Archive for October, 2017

October/November 2017, depending on which calendar you use, charts the centenary of the Russian Revolution.
Who will dust off Vladimir Iliych Lenin, I wonder?
For myself, never able to follow the straight path, I’d like to remember ALEXANDER KERENSKY.

1
Alexander Kerensky has head of the Provisional Government in 1917, when Lenin and the Bolsheviks seized control.
Was he the head? His title was, at the crucial last stage, Second Minister-Chairman.
He had served the Prov Gov as Minister of Justice, and Minister of War, before this. He was also chairman of the all-important Petrograd Soviet. His credentials were good.

The Prov Gov consisted of a conglomerate of parties, groups, such as the powerful Social Revolutionary Party, the Mensheviks,  Kadets and many others with their own spheres of interest. It was a Provisional Government, because its function was to hold power after the fall of the Tsar, and until a new Constituent Assembly was formed, to decide what form Russia would take from thereon.

Aleaxander Kerensky, however, pushed matters: he declared Russia a republic.
This was contrary to the aims of several groups in the Prov Gov.
His other great misjudgement was to push for the continuation of the Great War. He even went out to the various war fronts to rally the troops into continuing the ruinous war. The scale of desertions from the military was unprecedented. This was to have far-reaching consequences for Kerensky.

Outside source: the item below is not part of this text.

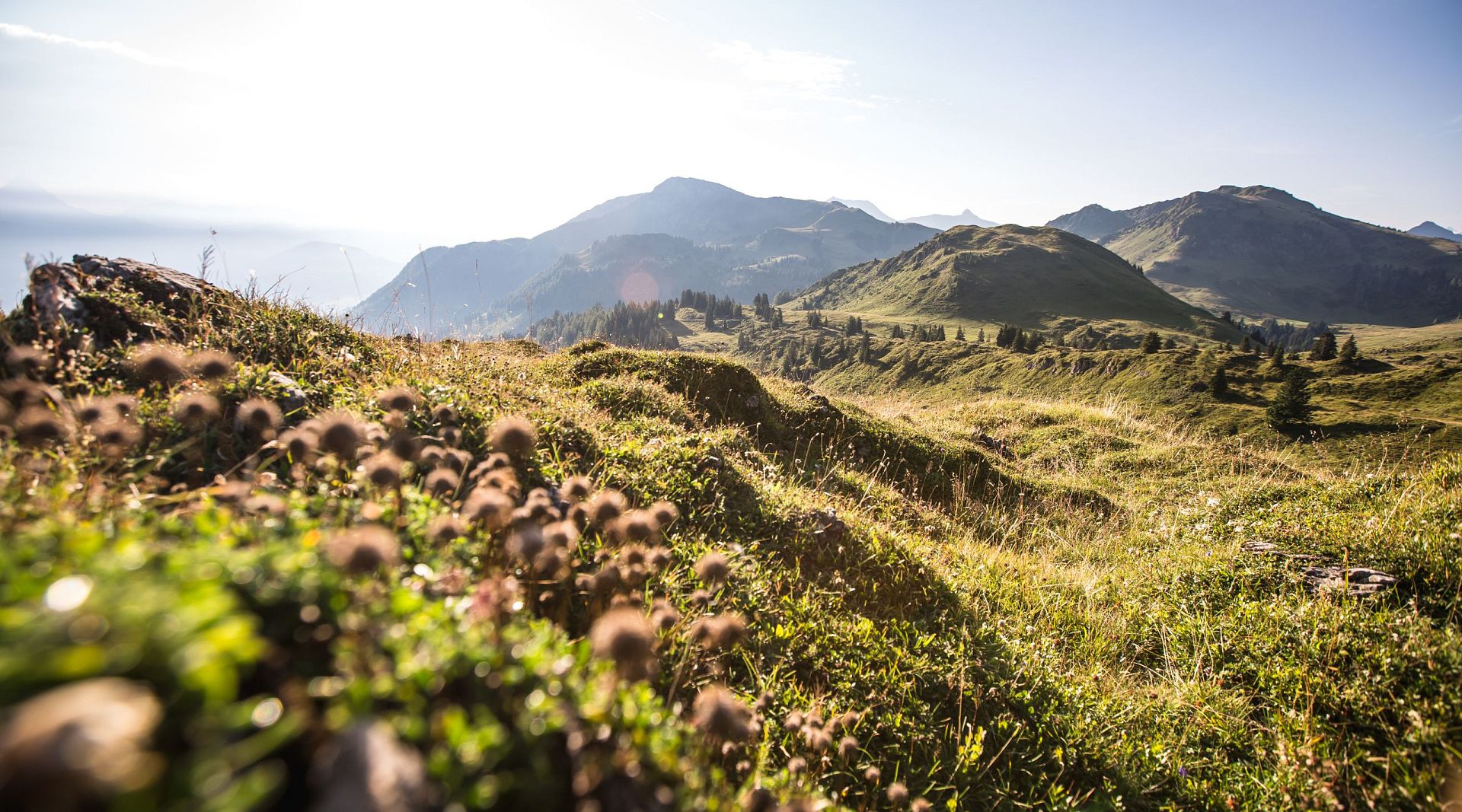 kitzbuehel-residences-landschaft-panorama-Südberge-Natur-Wandern-Sommer-(c)-Kitzbuehel-Tourismus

This maverick nature was the tone of the times.
Cue, General Kornilov.
Some call his counter-revolutionary followers a putative White Army. He challenged the Prov Gov’s legitimacy, and threatened to take Petrograd. Karensky had lost the support of what was left of the military. Who could he call upon who had sufficient military arms and techniques, to defend the Provisional Government?
There was only the Bolshevik Party, and its leader, Lenin, was once more on the doorstep.

The Bolsheviks were highly trained, and master tacticians. One toe in the door for them was all they needed. And that is what they were given.

Aleaxander Kerensky’s father had been a school teacher, then school inspector. In his teaching one pupil taught was the son of a close family, the Ulyanov family. The son was Vladimir Iliych Ulyanov, later known as Lenin.

2
Kerensky attempted to raise a group to fight back, but by then there were two fronts: the Bolsheviks, and the White Army. Kerensky would take neither side. Wiki tells us: Only one small force, a subdivision of the 2nd company of the First Petrograd Women’s Battalion, also known as The Women’s Death Battalion, was willing to fight for the government against the Bolsheviks….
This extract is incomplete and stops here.